- _Exercise description_
Find how many lines below hold "characters", then state that number by itself.

- _Information supplied_
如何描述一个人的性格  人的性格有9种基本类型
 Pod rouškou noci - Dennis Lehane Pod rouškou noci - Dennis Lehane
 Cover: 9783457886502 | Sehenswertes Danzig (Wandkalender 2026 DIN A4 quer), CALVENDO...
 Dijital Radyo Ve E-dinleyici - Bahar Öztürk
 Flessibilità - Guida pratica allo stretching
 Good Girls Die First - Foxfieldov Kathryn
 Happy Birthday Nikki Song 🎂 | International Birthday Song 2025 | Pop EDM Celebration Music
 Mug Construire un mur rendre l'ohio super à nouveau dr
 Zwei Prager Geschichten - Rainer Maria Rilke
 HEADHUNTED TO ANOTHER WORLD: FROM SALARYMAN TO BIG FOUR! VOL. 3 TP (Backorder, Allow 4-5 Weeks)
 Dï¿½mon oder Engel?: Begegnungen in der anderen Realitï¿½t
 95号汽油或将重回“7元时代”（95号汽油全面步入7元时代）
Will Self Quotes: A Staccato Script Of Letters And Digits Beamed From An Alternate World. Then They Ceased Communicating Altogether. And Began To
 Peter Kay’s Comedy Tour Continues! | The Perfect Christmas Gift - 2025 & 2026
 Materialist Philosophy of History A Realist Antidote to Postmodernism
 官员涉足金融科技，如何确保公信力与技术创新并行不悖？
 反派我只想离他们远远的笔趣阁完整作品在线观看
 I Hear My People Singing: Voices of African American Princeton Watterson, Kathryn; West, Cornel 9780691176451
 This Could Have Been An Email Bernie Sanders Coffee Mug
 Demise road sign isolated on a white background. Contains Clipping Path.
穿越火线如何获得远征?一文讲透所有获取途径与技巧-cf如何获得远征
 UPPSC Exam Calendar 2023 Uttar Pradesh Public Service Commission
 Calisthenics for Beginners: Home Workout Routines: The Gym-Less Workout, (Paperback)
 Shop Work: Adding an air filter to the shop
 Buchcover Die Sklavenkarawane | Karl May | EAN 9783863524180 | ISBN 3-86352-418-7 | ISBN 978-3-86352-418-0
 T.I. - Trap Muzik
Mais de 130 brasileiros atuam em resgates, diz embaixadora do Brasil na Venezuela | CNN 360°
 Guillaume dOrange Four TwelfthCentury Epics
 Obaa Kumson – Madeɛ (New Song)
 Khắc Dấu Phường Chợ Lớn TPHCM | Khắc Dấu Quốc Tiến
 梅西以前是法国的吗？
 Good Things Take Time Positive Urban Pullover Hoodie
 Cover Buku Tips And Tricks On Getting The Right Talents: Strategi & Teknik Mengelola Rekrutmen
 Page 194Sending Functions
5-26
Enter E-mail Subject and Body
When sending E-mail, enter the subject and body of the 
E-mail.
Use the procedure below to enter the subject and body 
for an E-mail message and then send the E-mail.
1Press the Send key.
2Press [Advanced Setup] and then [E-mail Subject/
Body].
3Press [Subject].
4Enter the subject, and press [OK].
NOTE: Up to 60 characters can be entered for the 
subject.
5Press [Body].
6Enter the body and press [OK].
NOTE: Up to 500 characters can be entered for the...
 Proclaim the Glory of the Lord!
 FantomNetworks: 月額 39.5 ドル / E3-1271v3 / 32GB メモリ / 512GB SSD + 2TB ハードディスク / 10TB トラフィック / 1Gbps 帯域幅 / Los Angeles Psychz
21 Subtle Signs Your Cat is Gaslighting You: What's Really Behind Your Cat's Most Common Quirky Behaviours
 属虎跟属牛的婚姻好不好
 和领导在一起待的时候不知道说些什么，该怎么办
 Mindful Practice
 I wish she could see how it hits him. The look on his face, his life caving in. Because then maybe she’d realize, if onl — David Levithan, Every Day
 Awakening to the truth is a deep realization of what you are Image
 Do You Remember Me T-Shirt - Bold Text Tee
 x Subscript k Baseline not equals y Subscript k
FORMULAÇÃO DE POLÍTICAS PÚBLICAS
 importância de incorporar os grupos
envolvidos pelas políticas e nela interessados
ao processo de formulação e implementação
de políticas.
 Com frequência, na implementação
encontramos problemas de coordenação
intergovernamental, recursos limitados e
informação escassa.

- _Task result_
2